To take another and perhaps closer figure of speech, almost all Dickens's
works such as these may best be regarded as private letters addressed to
the public. His private correspondence was quite as brilliant as his public
works; and many of his public works are almost as formless and casual as
his private correspondence. If he had been struck insensible for a year,
I really think that his friends and family could have brought out one of
his best books by themselves if they had happened to keep his letters.
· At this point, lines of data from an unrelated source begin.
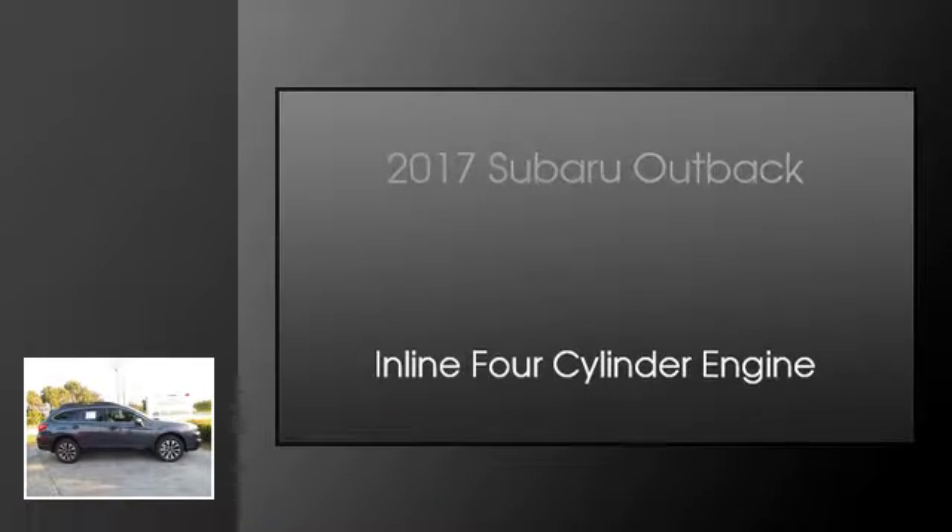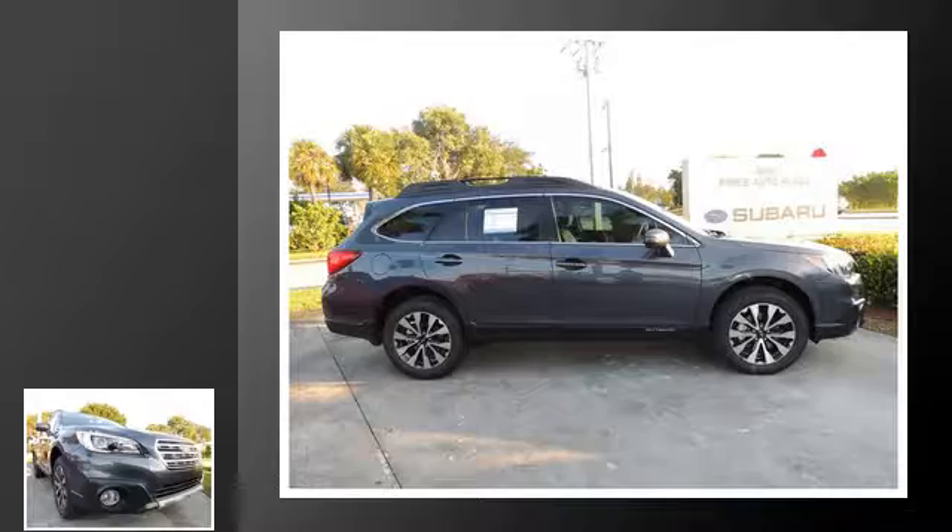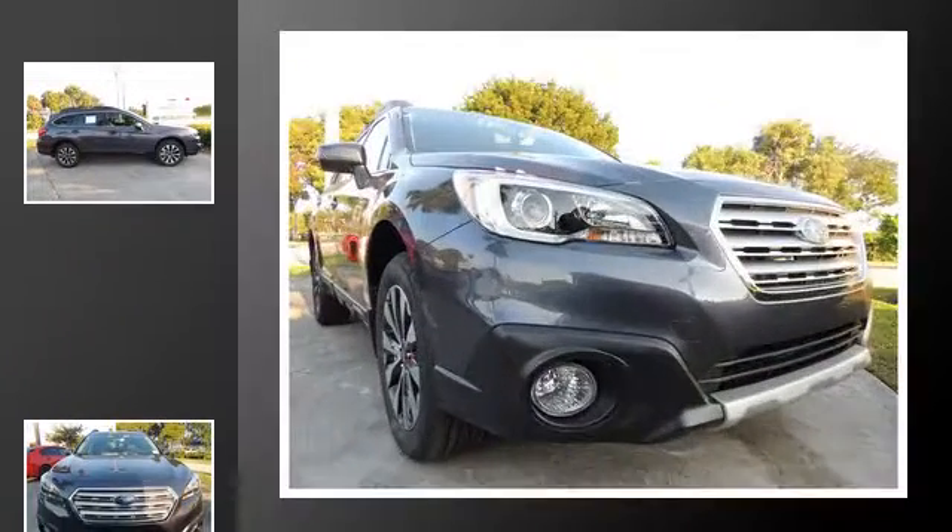This is a 2017 Subaru Outback. This wagon has a continuously variable transmission and an inline four-cylinder engine.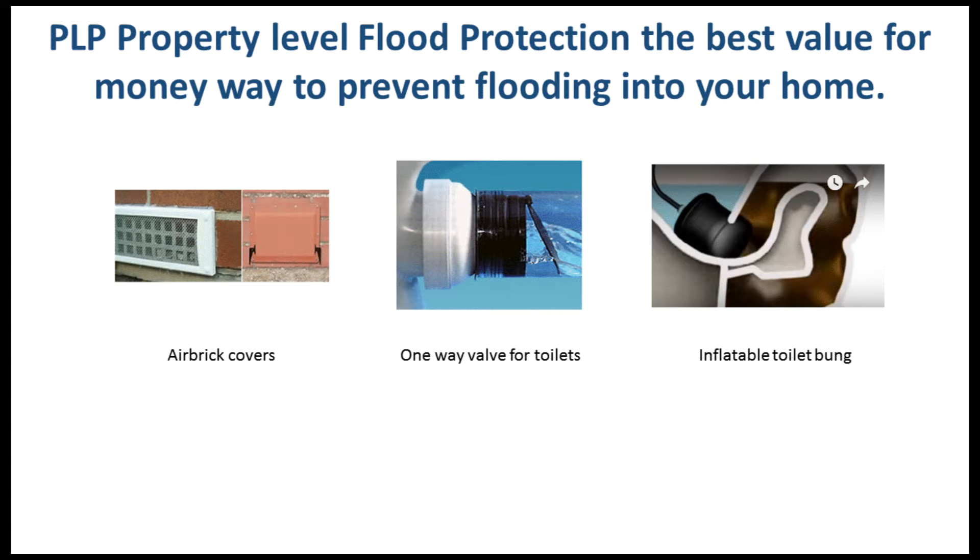Flood water can enter through air bricks, so people invented air brick covers. Flood water pressure can push sewage into your home through the toilets, so one-way valves and bungs to stop that from happening have been invented. The biggest entry point for flood water into your home is through doors.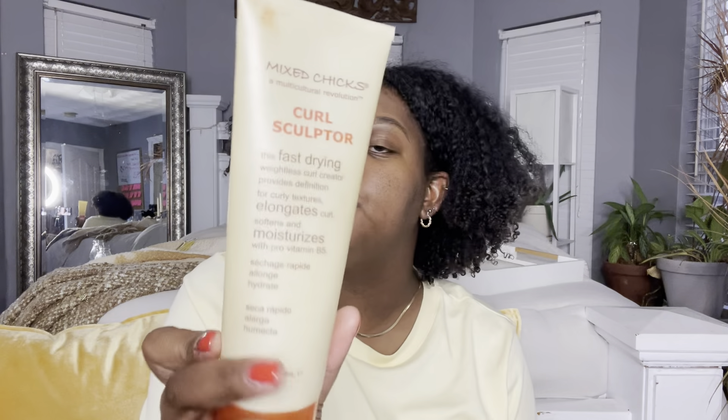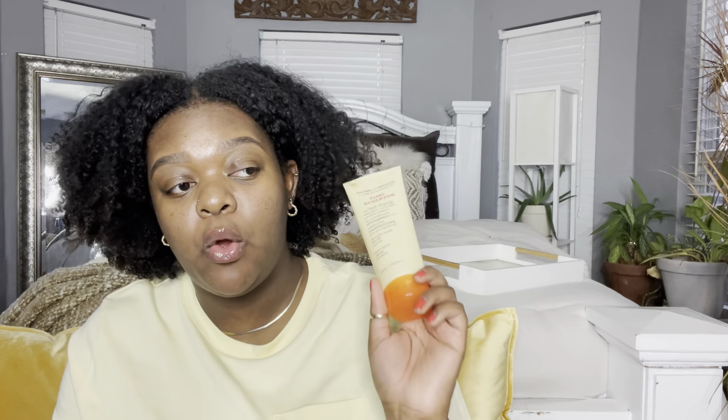The next product is the Mixed Chicks Sculpt Fast-Drying Weightless Curl Creating product. I really like this one, but the only thing I don't like is that it flakes. I tried it by itself one day and at first I thought it was my gel flaking but it was this. I think it's because it's the fast-drying formula. It does really help get my curl pattern popping, but the flakes are not worth it — and mixing it with oils didn't help either.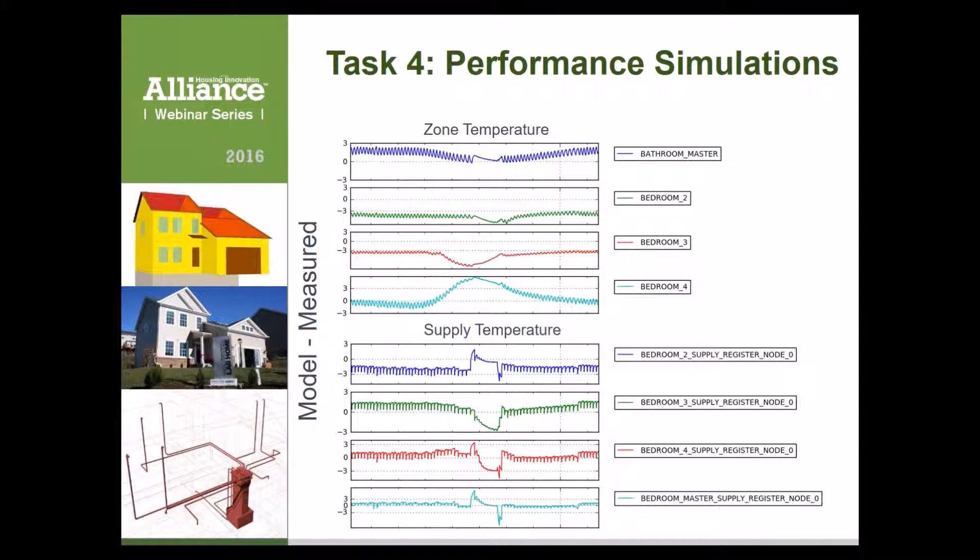Looking at this in terms of delta, there should be some correlation. If we're under-predicting the supply air temperature in the heating season — so if it's actually 45 degrees Celsius and we're predicting 40 degrees — you would expect the zone to be cooler. So yes, there should be a correlation, and looking at them side by side could certainly help understand that correlation.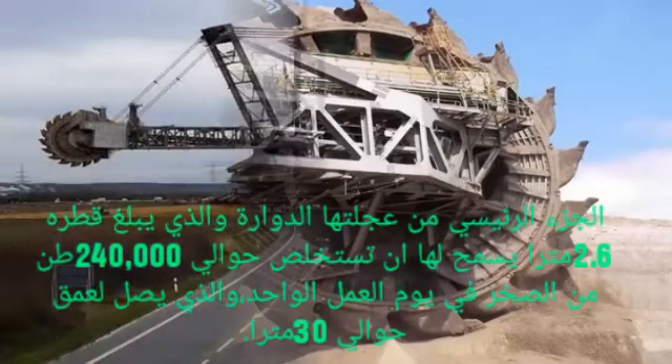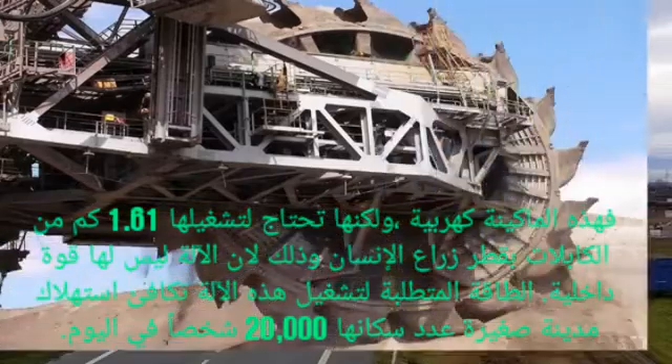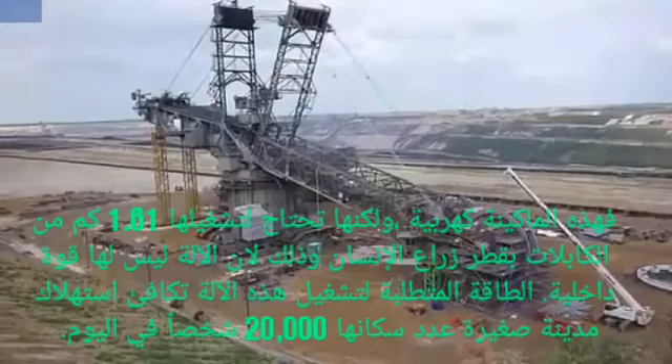That is equivalent to a soccer field dug up to 30 meters deep. All the material extracted in a day fills 2,400 cars, so it is also considered the machine that obtains the most material in a day of operation.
The homogeneity of his public and private work was indeed strange in many
ways. On the one hand, there was little that was pompously and unmistakably
public in the publications; on the other hand, there was very little that
was private in the private letters. His hilarity had almost a kind of hardness
about it; no man's letters, I should think, ever needed less expurgation
on the ground of weakness or undue confession. The main part, and certainly
the best part, of such a book as Pictures from Italy can certainly
be criticised best as part of that perpetual torrent of entertaining autobiography
which he flung at his children as if they were his readers and his readers
as if they were his children. There are some brilliant patches of sense
and nonsense in this book; but there is always something accidental in
them; as if they might have occurred somewhere else. Perhaps the most attractive
of them is the incomparable description of the Italian Marionette Theatre
in which they acted a play about the death of Napoleon in St. Helena. The
description is better than that of Codlin and Short's Punch and Judy, and
almost as good as that of Mrs. Jarley's Wax Works. Indeed the humour is
similar; for Punch is supposed to be funny, but Napoleon (as Mrs. Jarley
said when asked if her show was funnier than Punch) was not funny at all.
The idea of a really tragic scene being enacted between tiny wooden dolls
with large heads is delightfully dealt with by Dickens. We can almost imagine
the scene in which the wooden Napoleon haughtily rebukes his wooden jailor
for calling him General Bonaparte -- "Sir Hudson Low, call me not thus;
I am Napoleon, Emperor of the French." There is also something singularly
gratifying about the scene of Napoleon's death, in which he lay in bed
with his little wooden hands outside the counterpane and the doctor (who
was hung on wires too short) "delivered medical opinions in the air." It
may seem flippant to dwell on such flippancies in connection with a book
which contains many romantic descriptions and many moral generalisations
which Dickens probably valued highly. But it is not for such things that
he is valued. In all his writings, from his most reasoned and sustained
novel to his maddest private note, it is always this obstreperous instinct
for farce which stands out as his in the highest sense. His wisdom is at
the best talent, his foolishness is genius. Just that exuberant levity
which we associate with a moment we associate in his case with immortality.
It is said of certain old masonry that the mortar was so hard that it has
survived the stones. So if Dickens could revisit the thing he built, he
would be surprised to see all the work he thought solid and responsible
wasted almost utterly away, but the shortest frivolities and the most momentary
jokes remaining like colossal rocks for ever.